Isoperimetric characterization of non-positive curvature

In the talk I will discuss the following joint result with S. Wenger: A locally compact geodesic metric space is CAT(0) if and only if it satisfies the 2-dimensional Euclidean isoperimetric inequality, hence if and only if any closed curve of length $L$ bounds some disc of area at most $L^2/4\pi$.

The main steps in the proof are the solution of the classical Plateau problem in general spaces and the analysis of the intrinsic structure of area minimizing discs. The result also applies to non-zero upper bounds on curvature.

Andrés Navas

A canonical berycenter map on Buseman spaces.

In this talk I will report on a construction of a barycenter for measures with finite first moment on general Buseman spaces, which is 1-Lipschitz with respect to the 1-Kantorovich-Wasserstein metric.

Pierre Pansu

The quasi-symmetric Hölder equivalence problem

What is the optimal pinching of curvature on spaces quasiisometric to complex hyperbolic spaces ? This leads to the following problem: what is the best Hölder continuity exponent for a homeomorphism of Euclidean space to a metric space quasisymmetric to Heisenberg group, when the inverse map is assumed to be Lipschitz ? We give a partial result on this question.

Pierre Py

Actions of $\operatorname{PO}(n,1)$ on infinite dimensional symmetric spaces

I will recall some classical facts from representation theory which allow to build isometric actions of $\operatorname{PSL}(2,\mathbf{R})$ and more generally of $\operatorname{PO}(n,1)$ on certain infinite dimensional symmetric spaces.
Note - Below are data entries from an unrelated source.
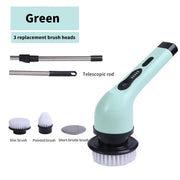 Multifunctional Electric Cleaning Brush 9-in-1 Bathroom Window Kitchen Toilet Automotive Household Rotating Cleaning Machine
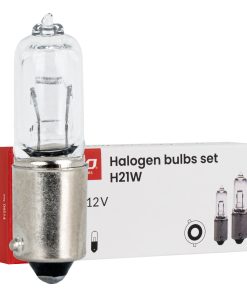 Bombillas halógenas H21W 12V 21W BAY9s 10 uds. AMIO-04514
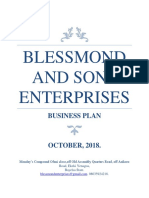 Bessmond Business Plan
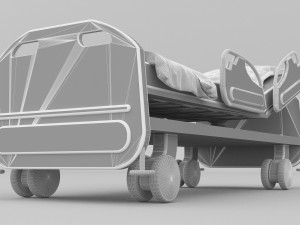 Hospital Bed 5 - 4K Model 3D
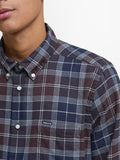 Barbour Camicia Casual Fortrose Uomo MSH4991 Midnight Oak Tartan - Blu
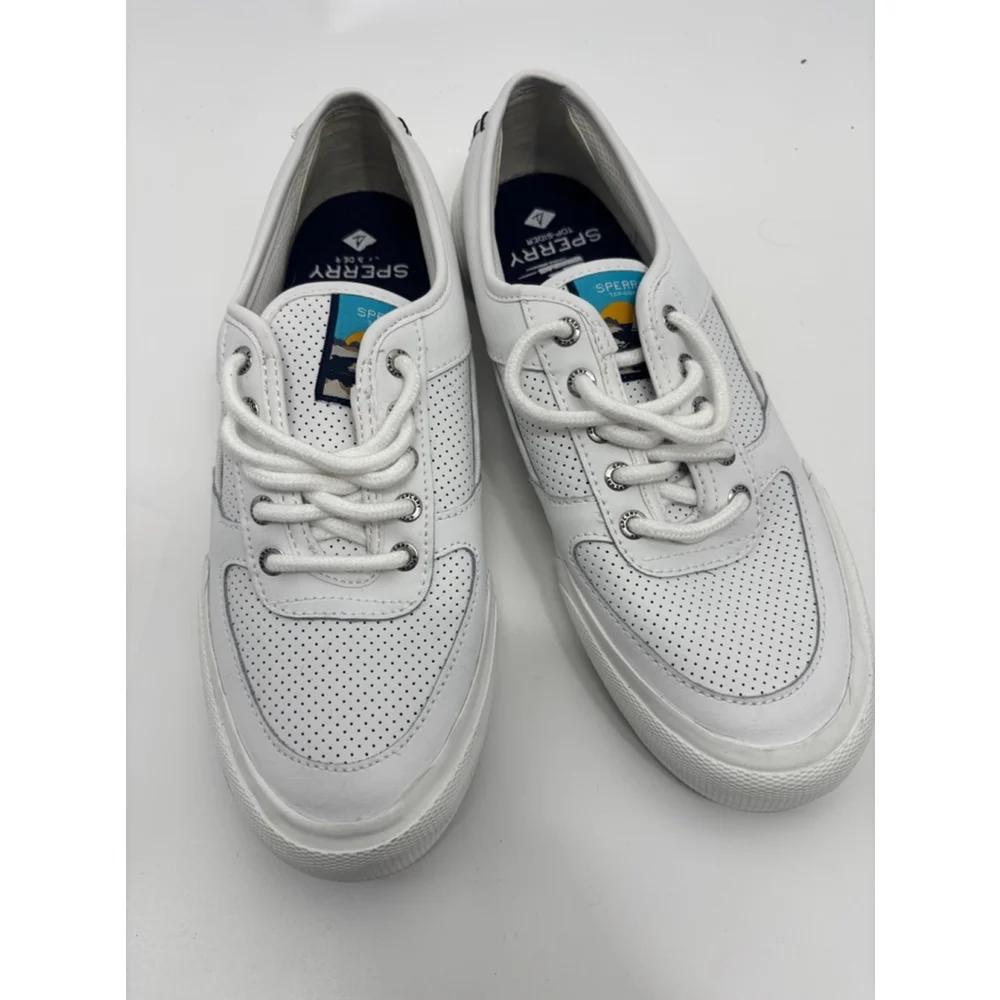 Womens Sperry Sneakers, Size 9, White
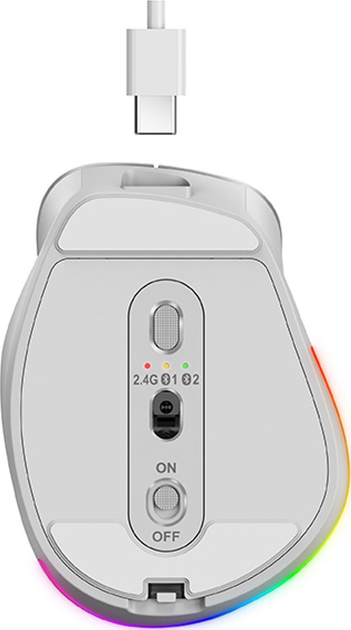 Mysz Genius Ergo 9000S Pro Wireless/Bluetooth Pink (31030039403) - obraz 6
Along the way, I will survey some results obtained in collaboration with Thomas Delzant and Nicolas Monod and present a few open questions.

Alain Valette

A survey of the Haagerup property

A locally compact group has the Haagerup property (or: is a-$(T)$-menable) if it admits a proper affine isometric action on a Hilbert space. The Haagerup property is a weak form of amenability: the class of Haagerup groups contains amenable groups, but also free groups, Coxeter groups, closed subgroups of $\operatorname{SO}(n,1)$ and $\operatorname{SU}(n,1)$, etc… We will survey the following topics:

  1.  Unitary representations vs affine isometric actions.
  2.  Geometric characterizations.
  3.  Permanence properties.
  4.  Applications

Stefan Wenger

Plateau’s problem, isoperimetric inequalities, and large scale geometry

In the first part of the talk I will describe a generalization of the classical problem of Plateau to the setting of metric spaces. I will show that among all disc-type surfaces with prescribed Jordan boundary in a proper metric space there exists an area minimizing disc which moreover has a quasi-conformal parametrization. If the space admits a local quadratic isoperimetric inequality for curves then such a disc is locally Hölder continuous in the interior and continuous up to the boundary. In the second part of the talk I will explain how existence and regularity of area minimizers can be used to study the local and the large scale geometry of spaces with a quadratic isoperimetric inequality for curves. The talk is based on joint work with Alexander Lytchak.